I have a list of dicts and I want to merge dicts that have the same key, value for later use in a dataframe. PS: I don't know if pandas can handle this by itself. Maybe it's not necessary to append the dicts.
My list of dicts:
[{'country': 'Brazil', 'State': 'São Paulo', 'description': '"Estado de São Paulo"'},
{'country': 'Brazil', 'State': 'Rio de Janeiro', 'description': '"Estado do Rio de Janeiro"'},
{'country': 'Brazil', 'State': 'Rio de Janeiro', 'population': '12345'},
{'country': 'Brazil', 'State': 'Rio de Janeiro', 'work_force': '2345'},
{'country': 'Brazil', 'State': 'Paraná', 'description': '"Estado do Paraná"'},
{'country': 'Brazil', 'State': 'Santa Catarina', 'description': '"Estado de Santa Catarina"'},
{'country': 'Brazil', 'State': 'Santa Catarina', 'population': '54321'},
{'country': 'Brazil', 'State': 'Santa Catarina', 'work_force': '4321'}]

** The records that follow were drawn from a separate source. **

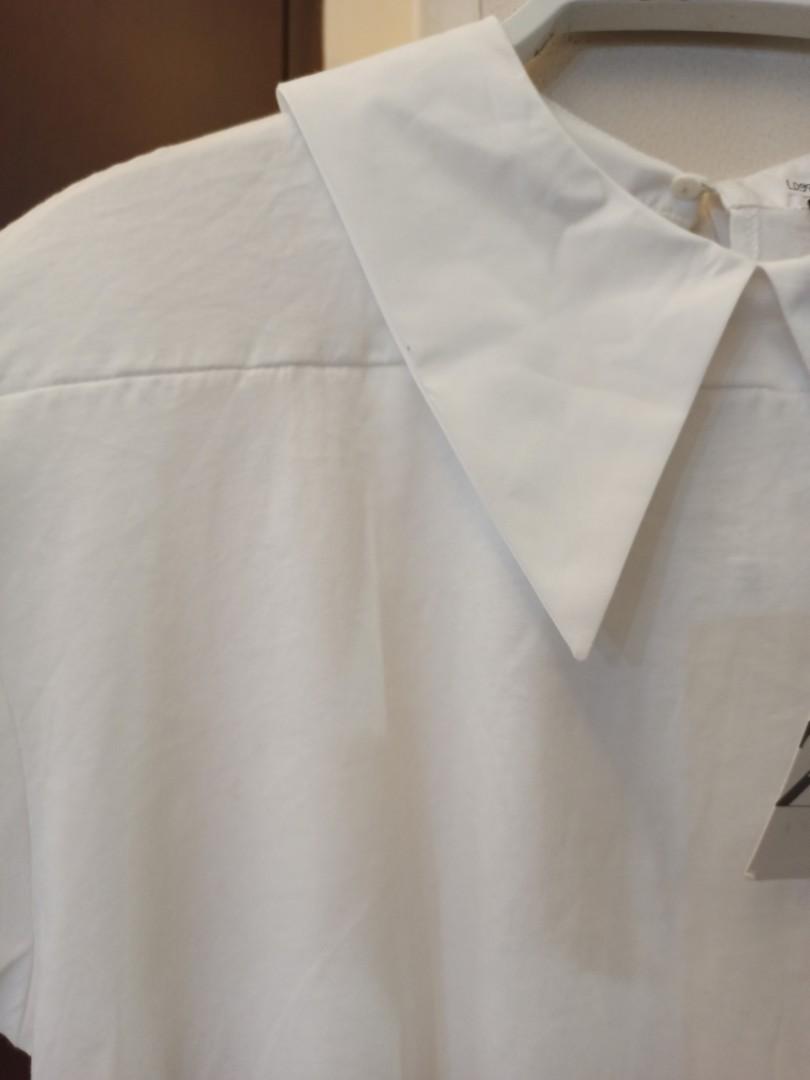 Zara white big collar blouse, Fesyen 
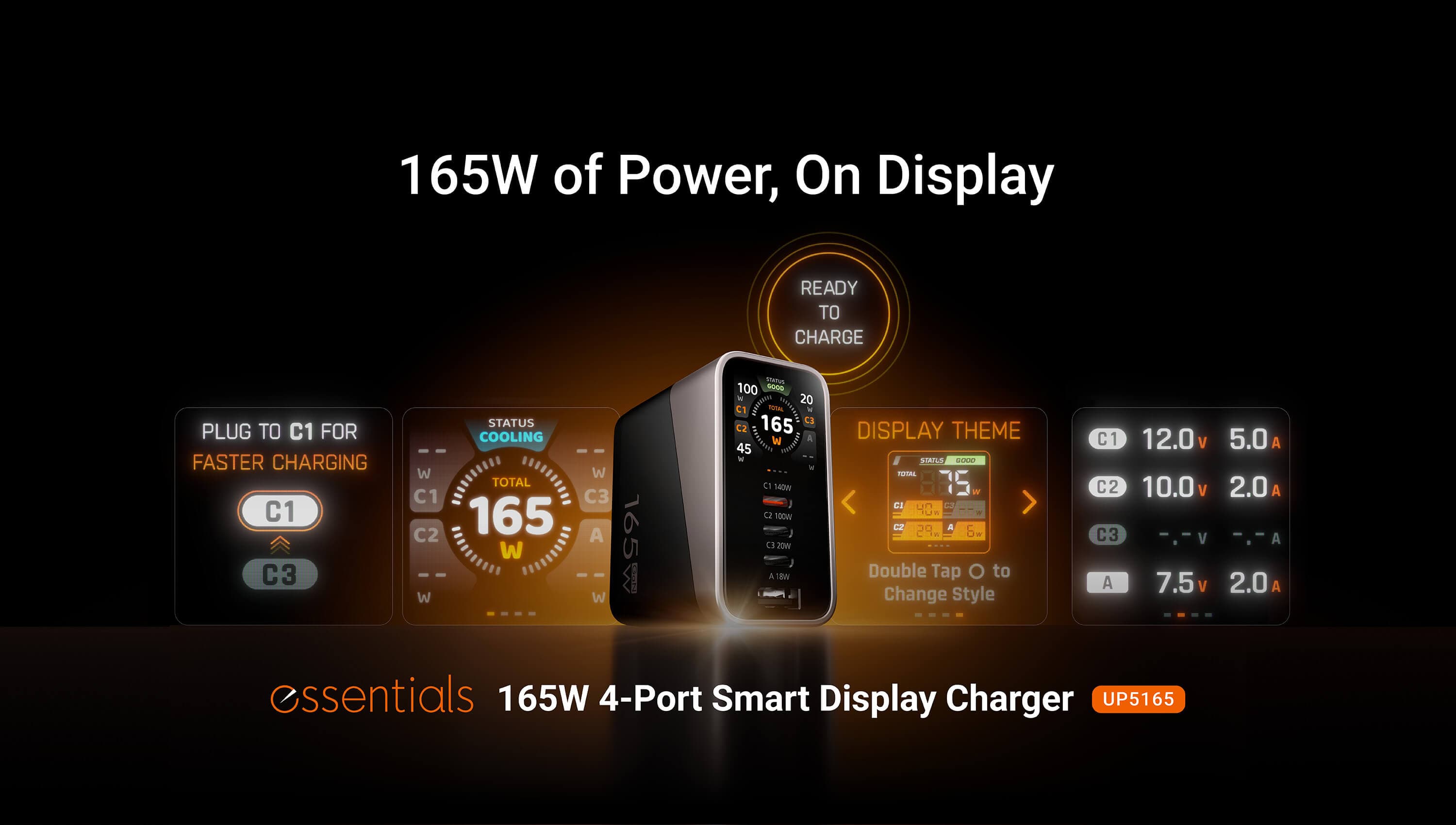 165W 4-Port Smart Display Charger — изглед 3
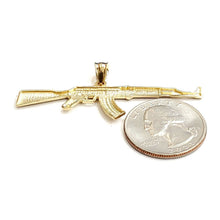 Load image into Gallery viewer, 14k yellow Gold AK-47 machine gun military rifle Pendant charm fine gift 3.4g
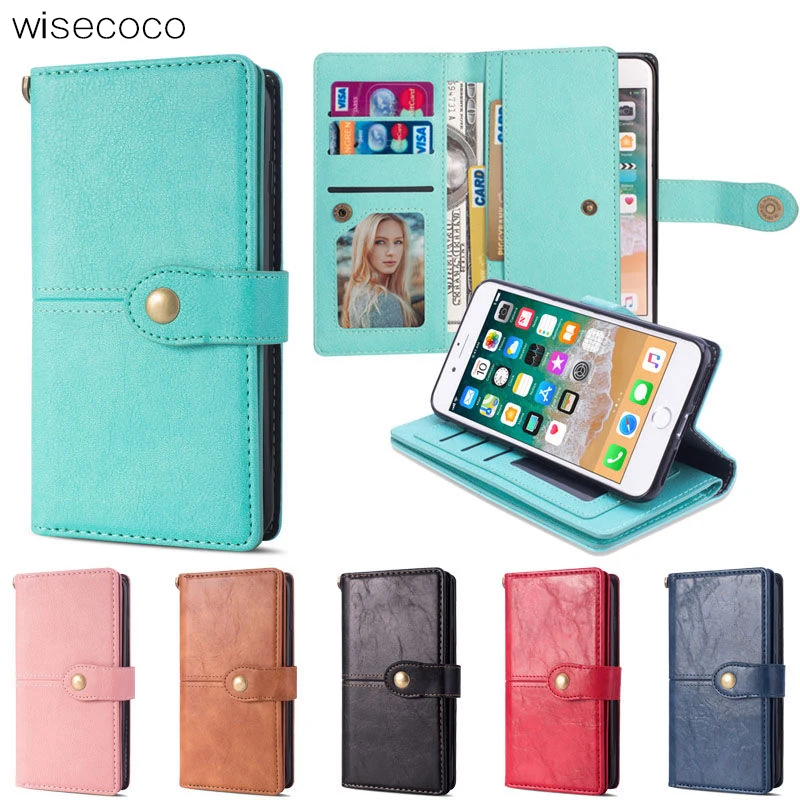 

For Telefoon Hoesjes iphone 7 8 Case Luxury Holder Phone Cover Coque iphone 7plus 8plus Case Leather Vintage Flip Wallet Cover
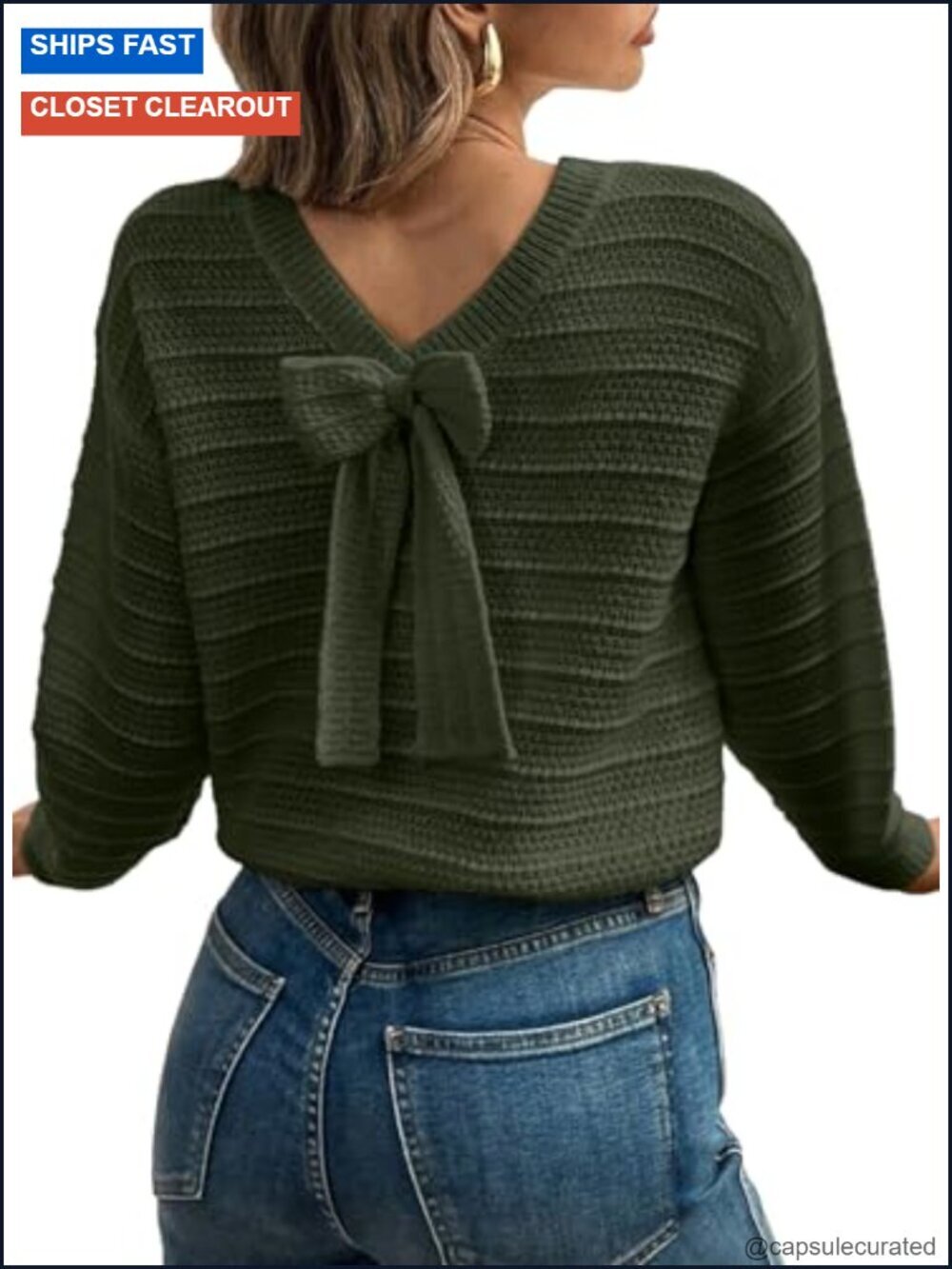 Long Sleeve Knit Pullover Sweater with Back Bow Knot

Output when I create the dataframe:
country State description population work_force
0 Brazil São Paulo "Estado de São Paulo" NaN NaN
1 Brazil Rio de Janeiro "Estado do Rio de Janeiro" NaN NaN
2 Brazil Rio de Janeiro NaN 12345 NaN
3 Brazil Rio de Janeiro NaN NaN 2345
4 Brazil Paraná "Estado do Paraná" NaN NaN
5 Brazil Santa Catarina "Estado de Santa Catarina" NaN NaN
6 Brazil Santa Catarina NaN 54321 NaN
7 Brazil Santa Catarina NaN NaN 4321
What I need:
country State description population work_force
0 Brazil São Paulo "Estado de São Paulo" NaN NaN
1 Brazil Rio de Janeiro "Estado do Rio de Janeiro" 12345 2345
2 Brazil Paraná "Estado do Paraná" NaN NaN
3 Brazil Santa Catarina "Estado de Santa Catarina" 54321 4321
The desired output is achieved when I merge the dicts:
{'country': 'Brazil', 'State': 'Rio de Janeiro', 'description': '"Estado do Rio de Janeiro"', 'population': '12345', 'work_force': '2345'},
{'country': 'Brazil', 'State': 'Paraná', 'description': '"Estado do Paraná"'},
{'country': 'Brazil', 'State': 'Santa Catarina', 'description': '"Estado de Santa Catarina"', 'population': '54321', 'work_force': '4321'}]
So I'm looking for ways of merging thoses dicts into a single on based on the key "State".
CodePudding user response:
yes pandas can handle this. group on country and state and take the first value:
df.groupby(["country","State"],sort=False).first().reset_index()